Supplied information START

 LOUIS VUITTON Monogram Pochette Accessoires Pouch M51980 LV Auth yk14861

Supplied information END
Supplied information START

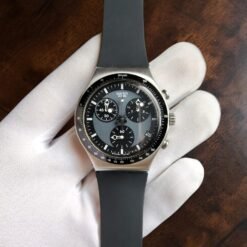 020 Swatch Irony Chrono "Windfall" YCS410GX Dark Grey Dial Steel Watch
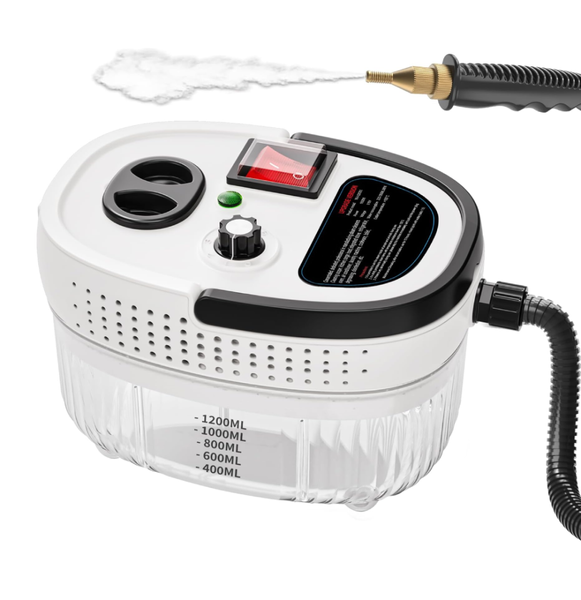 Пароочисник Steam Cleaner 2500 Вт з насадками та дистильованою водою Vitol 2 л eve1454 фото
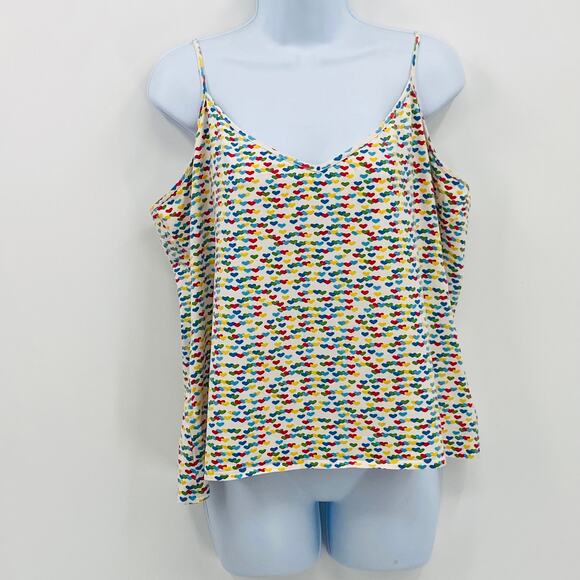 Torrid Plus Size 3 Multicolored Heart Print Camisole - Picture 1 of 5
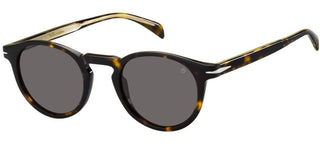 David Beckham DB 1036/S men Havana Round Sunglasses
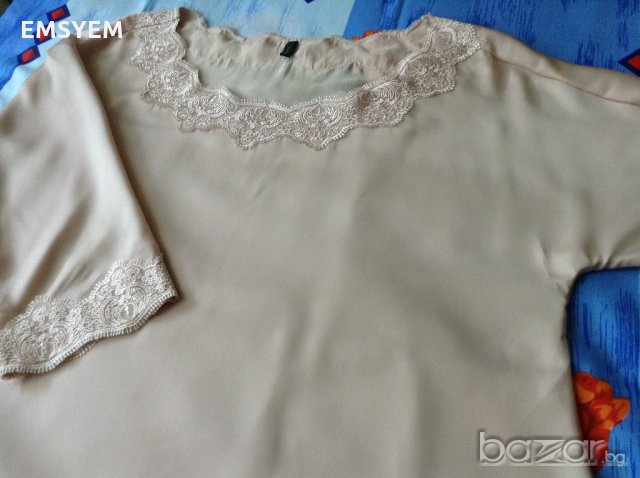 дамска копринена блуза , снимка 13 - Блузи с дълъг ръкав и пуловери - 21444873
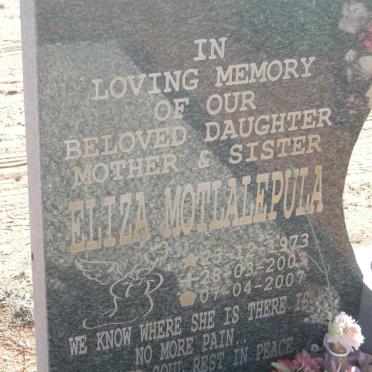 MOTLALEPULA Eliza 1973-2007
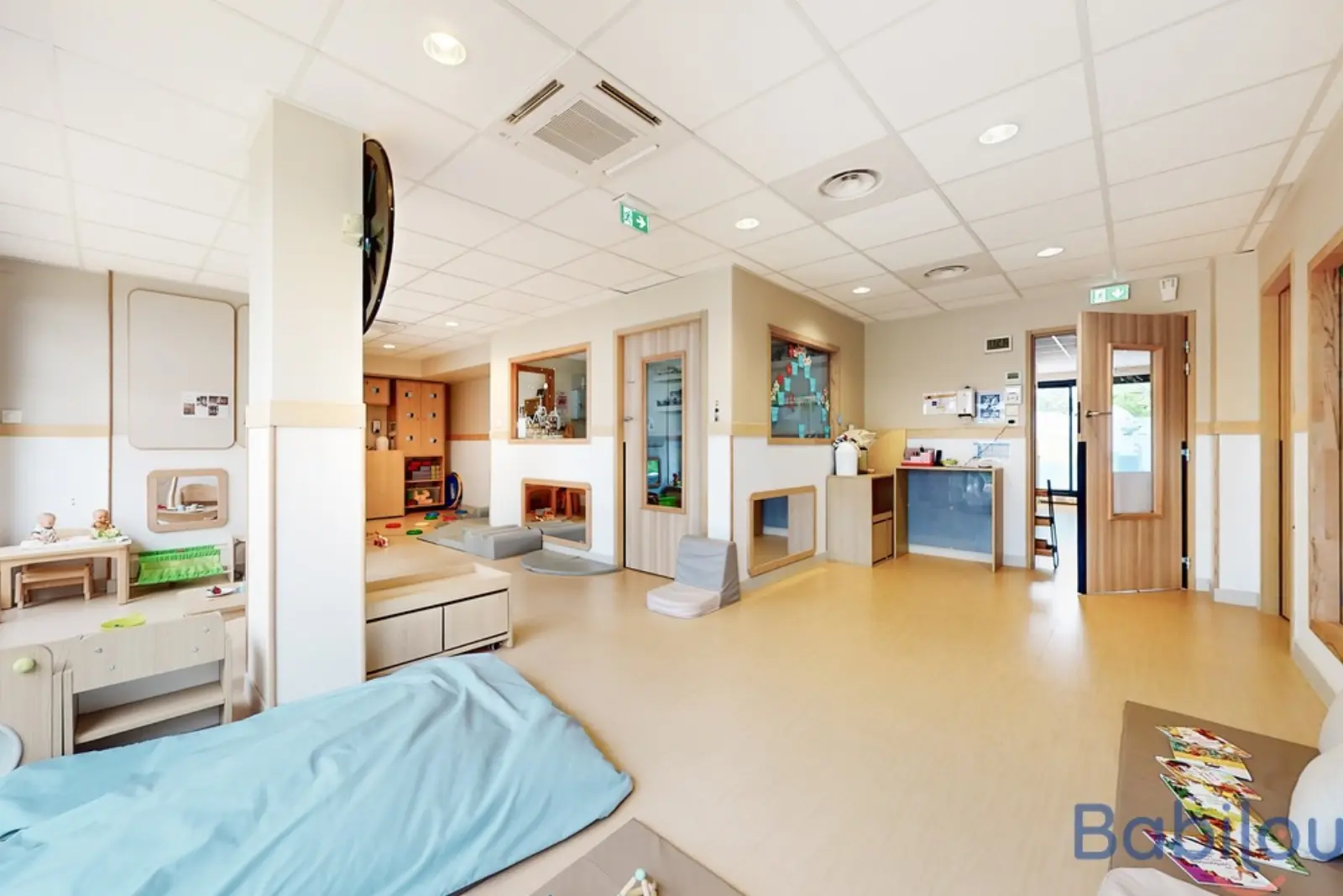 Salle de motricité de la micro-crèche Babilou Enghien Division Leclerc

Supplied information END

With the pictures omitted, copy the entries above exactly from the line containing "David Beckham DB" through the line containing "Salle de motricité", both lines included.

## Task output
 David Beckham DB 1036/S men Havana Round Sunglasses
 дамска копринена блуза , снимка 13 - Блузи с дълъг ръкав и пуловери - 21444873
 MOTLALEPULA Eliza 1973-2007
 Salle de motricité de la micro-crèche Babilou Enghien Division Leclerc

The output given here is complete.